Sehr nachdenklich muss diese Nachricht stimmen:
"Der Straßenverkehr ist tödlicher als Ebola oder Malaria: Jahr für Jahr sterben weltweit 1,25 Millionen Menschen auf der Straße. (...) In Ländern, die für Verkehrssicherheit kein Geld haben, gibt es viel mehr Verkehrstote als in reichen Staaten. Rund 90 Prozent aller Todesfälle ereignen sich laut WHO in Ländern mit geringen bis mittleren Einkommen, auch wenn dort nur 54 Prozent aller Fahrzeuge der Welt unterwegs sind." https://www.spiegel.de/gesundheit/dia…-a-1058458.html
Warum aber bauen wir und liefern wir aus Deutschland immer noch so viele Automobile anstatt gute ÖPNV-Systeme zu exportieren, mit denen sich auch Geld verdienen lässt und die viel mehr Menschen Mobilität ermöglichen als Autos. Warum exportieren wir keine Fahrradfabriken?
Fahrradpiktogramme auf denen Fahrräder mit tiefem Durchstieg dargestellt werden, sehe ich nicht als "Wohlstands-Pille-Palle". Vielmehr betonen Fahrräder mit tiefem Durchstieg, das gute und nachhaltige Mobilität eine Mobilität nicht nur für Männer, sondern auch für Frauen ist. Und das gute und nachhaltige Mobilität eine Mobilität nicht nur für junge Menschen, sondern auch für alte Menschen ist, die nach meiner Beobachtung sehr oft ein Fahrrad mit tiefem Durchstieg fahren. (Und zwar nicht nur die Frauen!)
Währenddessen entlarvt jeden Tag auf's Neue die Autowerbung, wie stark männlich dominiert der MIV ist.
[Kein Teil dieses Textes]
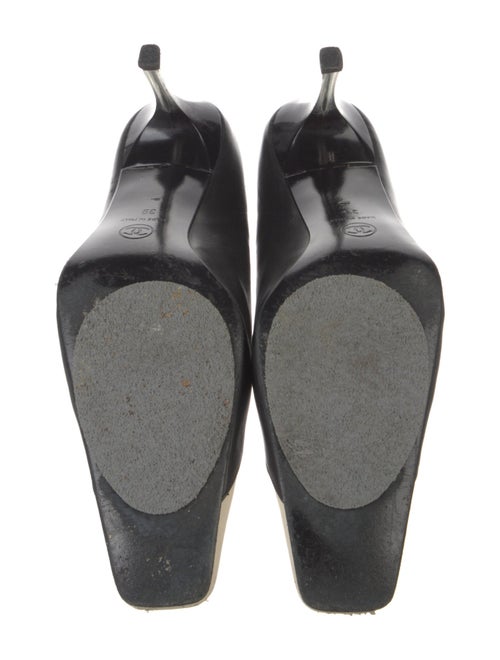 Chanel Interlocking CC Logo Leather Pumps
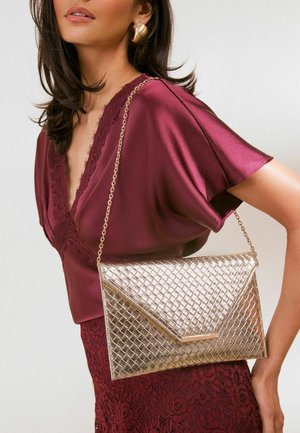 Friends Like These, WEAVE ENVELOPE CLUTCH BAG - Väike käekott - gold-coloured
Und damit entlarvt sich der MIV selbst als chauvinistisches Mobilitäts-System, dem wir als Radfahrerinnen und Radfahrer mit Fug und Recht eine andere Sicht der Dinge entgegensetzen dürfen!
Zum Beispiel auch an Ampeln:
Geht natürlich auch in Grün: 
Vielen Dank an Malte, dass wir nun in einem eigenen Thread zum Thema weiter diskutieren können.
Nbgradler, du kannst dir Popcorn-Nachschub besorgen!